Do you not understand how meditation on some state within you until the state changes the way you want it to, is a purposeful change to one's own mind and state?

You keep asserting 'poor understanding' yet demonstrate that you fail to grasp that it is the architecture - and therefore function of a brain - that is not chosen or willed. That it is the architecture of the brain that generates output in the form of of thoughts, feelings and actions. That it is well supported that it's the state and condition of a brain that enables our abilities, how we think and act. And of course, will is generated as an aspect of thought and action, we feel the need to do things.
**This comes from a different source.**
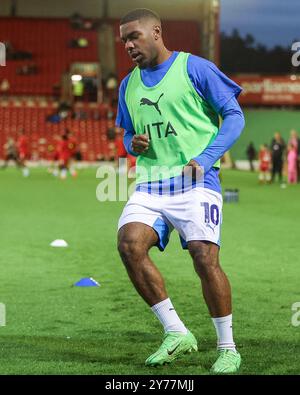 Oakwell, Barnsley am Samstag, den 28. September 2024. #10, Jayden Fevrier von Stockport wärmt sich während des Spiels der Sky Bet League 1 zwischen Barnsley und Stockport County in Oakwell, Barnsley am Samstag, den 28. September 2024 auf. (Foto: Stuart Leggett | MI News) Credit: MI News & Sport /Alamy Live News Stockfoto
It's not even controversial.

To repeat;

Quote;
''The Soon et al paper jumps right into the middle of these issues. It shows us how limited, even misleading, our introspections are. According to the authors, many seconds before we are aware that we have made a decision, we have -- or at least, our brain has! All of the data of cognitive neuroscience are pushing us to replace the idea of mind-body duality, which is so intuitive, with the idea that mental processes are brain processes. But these results on the neural processes underlying free decisions rub our noses in it! One can assimilate findings about color vision or motor control being brain functions a lot more easily than findings about consciously experienced "free will" being a brain function, and hence physically determined and not free at all!''


''I don't think "free will" is a very sensible concept, and you don't need neuroscience to reject it -- any mechanistic view of the world is good enough, and indeed you could even argue on purely conceptual grounds that the opposite of determinism is randomness, not free will! Most thoughtful neuroscientists I know have replaced the concept of free will with the concept of rationality -- that we select our actions based on a kind of practical reasoning. And there is no conflict between rationality and the mind as a physical system -- After all, computers are rational physical systems!'' - Martha Farah, director of the University of Pennsylvania's Center for Cognitive Neuroscience and a prominent neuro-ethicist.
 
You keep asserting 'poor understanding' yet demonstrate that you fail to grasp that it is the architecture - and therefore function of a brain - that is not chosen or willed
No. I have explained many times over just as many years that this claim is both false and straw-man.

Parts of it are chosen according to the will it holds, but something does not need to "choose to be itself" to "have choice". From there, the rest of your argument falls apart, I'm afraid.
 
You keep asserting 'poor understanding' yet demonstrate that you fail to grasp that it is the architecture - and therefore function of a brain - that is not chosen or willed
No. I have explained many times over just as many years that this claim is both false and straw-man.

You have no alternative. You have evidence and you have no argument. You assert your beliefs. There is no dualism. the agency of consciousness is not magic, or immaterial soul or spirit, there is no independent, autonomous free will to regulate the functions of the system.

The state of the system is it, The condition and state of the system in any given instance is the state and condition of you as a conscious entity.

Whether you like it or not, that's how it works according to the evidence, not your beliefs or your assertions.


Parts of it are chosen according to the will it holds, but something does not need to "choose to be itself" to "have choice". From there, the rest of your argument falls apart, I'm afraid.

Nah, when you say the 'will it holds' you mean function, and function is a matter of neural architecture.

Brains have the evolved ability and capacity to acquire and store information (memory function) and generate conscious experience of the world and self, thought and response.....and of course, contrary to your assertions, machinery such as computers as yet have no such ability
 
function is a matter of neural architecture
And neural architecture contains the contingent switches that switch on IF something happens and switch OFF if something else happens. It WILL switch on and it WILL switch off. This is about the encoded will. Are you just blind to the existence of contingent mechanisms and how this comes back to the "will" of "free will"?